We have considered the remaining arguments the respondent has raised as to why reciprocal discipline should not be imposed upon him at this time based on the Southern District's interim order, and conclude that they are without merit.

Under the circumstances of this case, we conclude that an immediate suspension is [*8]warranted. The respondent's misconduct in litigation has at times endangered his clients' prospects of recovery, and put his adversaries to needless expense. He has shown disrespect for the courts, as is demonstrated by his admitted conduct before Judge Seibel in the Berger case. His actions in that case included multiple misrepresentations, defiance of her orders, and explicit questioning of her authority as she attempted to probe the truth of his asserted reason for failure to appear at a conference. As this Court stated in Matter of Colihan (171 AD3d 96, 101):

"[T]he respondent's conduct—involving three separate acts of deliberate misrepresentation to a court—is a direct and significant harm to the judicial system, to the legal profession at large, and to the public. We cannot stress strongly enough that courts insist that the attorneys appearing before them be both zealous in their representation of their clients and honest in their representations to the courts. Failure to adhere to basic standards of honesty may be addressed not only by the imposition of financial sanctions (see 22 NYCRR part 130) but through the disciplinary process."

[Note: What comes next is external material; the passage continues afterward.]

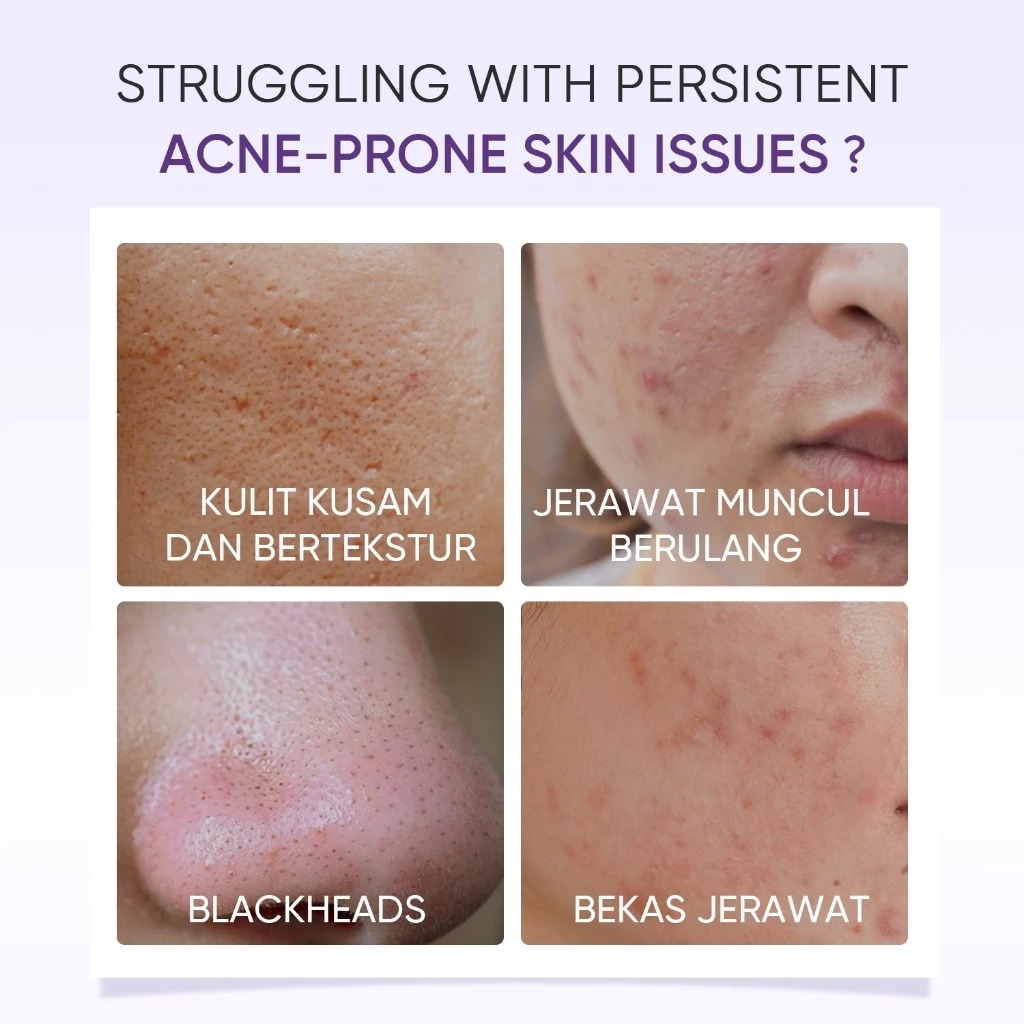 Skintific Lactic Acid Skin Renewal Exfoliating Serum 20ml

In addition, despite his recent attempts at introspection and contrition, the respondent nonetheless minimizes frequent behavior that made a mockery of orderly litigation processes by attributing it to "sloppiness" and "administrative failures." The existing record from the Southern District supports its conclusion that, given respondent's history of repeated disregard for court orders, recurrence of his misconduct is likely. We find that the respondent has engaged in conduct immediately threatening the public interest and his immediate suspension from the practice of law is warranted.

LASALLE. P.J., MASTRO, DILLON, CHAMBERS and MILLER, JJ., concur.

ORDERED that pursuant to 22 NYCRR 1240.13, the respondent, Richard P. Liebowitz, is suspended from the practice of law in the State of New York, effective immediately, and continuing until further order of this Court; and it is further,

ORDERED that during the period of suspension and until further order of the Court, the respondent, Richard P. Liebowitz, shall comply with the rules governing the conduct of disbarred or suspended attorneys (see id. § 1240.15); and it is further,

ORDERED that pursuant to Judiciary Law § 90, during the period of suspension and until further order of the Court, the respondent, Richard P. Liebowitz, shall desist and refrain from (1) practicing law in any form, either as principal or as agent, clerk, or employee of another, (2) appearing as an attorney or counselor-at-law before any court, Judge, Justice, board, commission, or other public authority, (3) giving to another an opinion as to the law or its application or any advice in relation thereto, and (4) holding himself out in any way as an attorney and counselor-at-law; and it is further,

ORDERED that if the respondent, Richard P. Liebowitz, has been issued a secure pass by the Office of Court Administration, it shall be returned forthwith to the issuing agency, and the respondent shall certify to the same in his affidavit of compliance pursuant to 22 NYCRR 1240.15(f).